From the perspective of the ‘manosphere’, letting other men have sex with your girlfriend is a definite no-no, and will earn you the ultimate put-down: ‘cuck’, which is to say ‘cuckold’, an ultimately un-masculine man. Murphy’s defensiveness poured petrol on the flames: aggrieved fans combed the internet for other historic Murphy content, turning up pornographic videos depicting Murphy inserting objects into an orifice where, in the view of the majority of the manosphere, the sun of machismo should never be permitted to shine.
The ensuing memes have been brutal. It’s difficult to see how Murphy can persist as a beacon of masculinity among the online Right, a group for whom cuckoldry and anal penetration are perhaps the most potent symbols of emasculation possible. This, then, is a vintage instance of ‘cancellation’, a breach of in-group moral codes, outside the Left.
Rather than treating this as an instance of ‘both sides’, though, it’s worth considering how the whole squalid episode illuminates a paradoxical feature of social media ‘masculinity’ as such.
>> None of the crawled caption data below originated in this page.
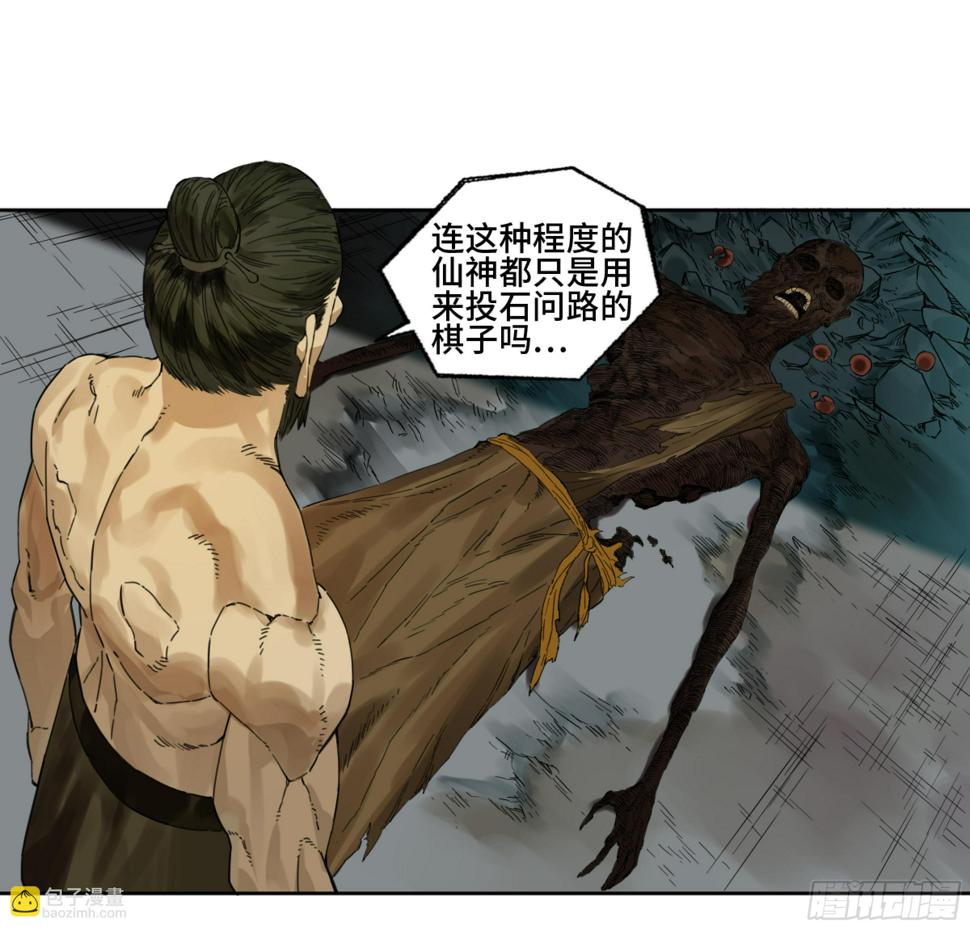 传武韩漫全集-第二卷 158 棋手们的战争无删减无遮挡章节图片 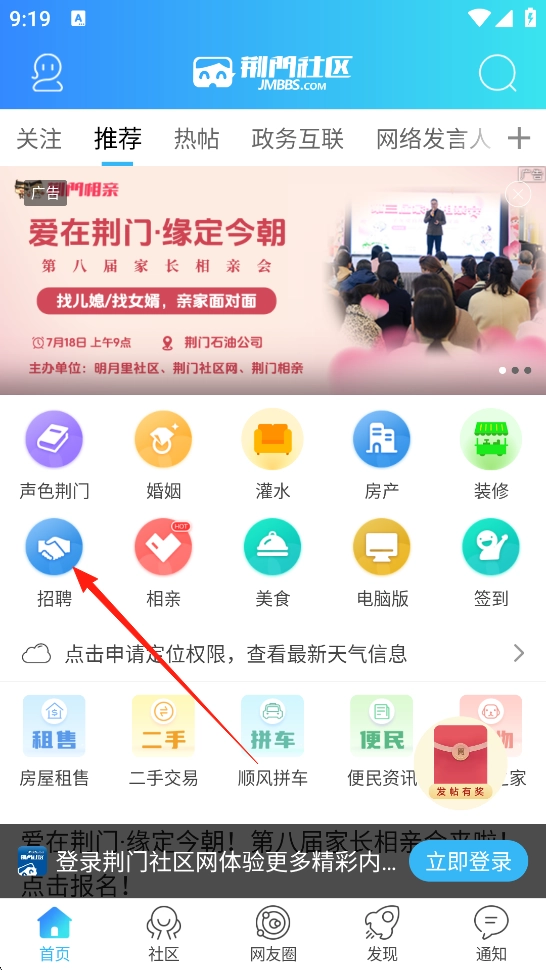 荆门社区网完整版下载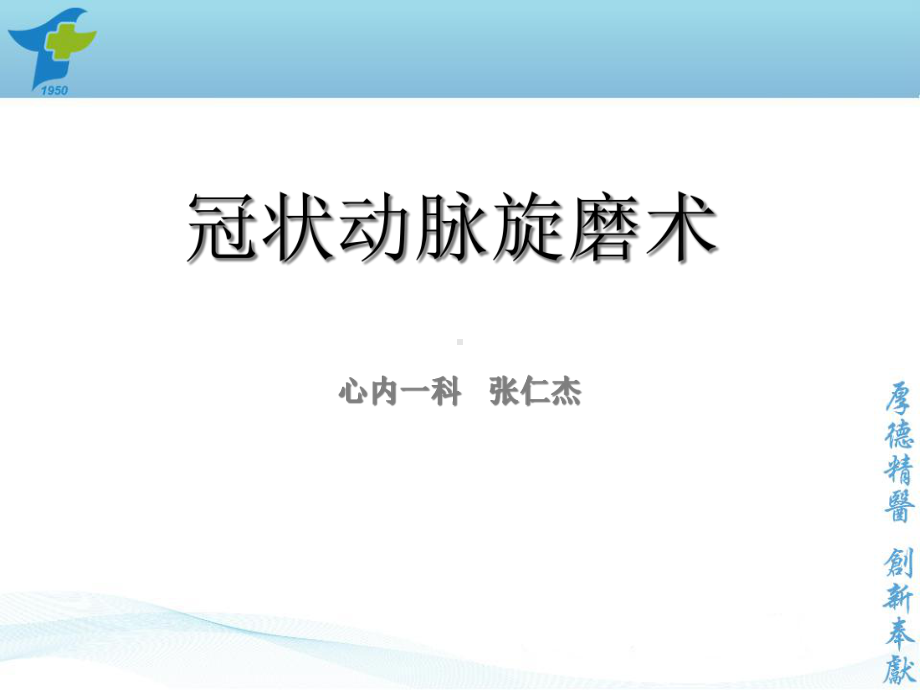 冠状动脉旋磨术课件-2.ppt_第1页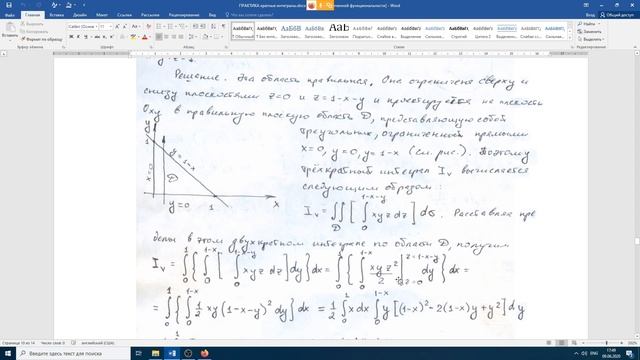Урок по вычислению двойных и тройных интегралов. Физическое приложение тройного интеграла смотреть онлайн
That is, the very structures of social media force even the most anti-feminist of communities into feminised styles of conflict.
In a 2013 paper, Harvard psychologist Joyce Benenson examined female-typical intrasexual competition. Where male competition tends to be overt, hierarchical and sometimes violent, women are — Benenson argued — as competitive as men but more indirectly so, preferring approaches such as covert aggression, group pile-ons and social exclusion.
What’s striking is how much this looks like so-called ‘cancel culture’, which on the face of it might seem to support the theory that this is somehow all the fault of women, or perhaps feminism. But what if it’s literally just the technology?
Moving most of our public life online effectively forecloses the possibility of physical violence, while radically amplifying the potential for mob bullying and indirect competition. In that context, the kinds of conflict Benenson describes become the only possible ones.
In this neutered battlefield, even a masculinity influencer found himself ruined, by masculinity fans, in cancel culture’s feminised key. In other words: ‘cancel culture’ isn’t a phenomenon only of the Left, and certainly not only of women. Rather, we should conclude from this that what the manosphere calls being ‘cucked’ is in truth an effect of the media we all now use to conduct our public life. And that the idea of a ‘social media masculinity influencer’ was always, inescapably, a contradiction in terms.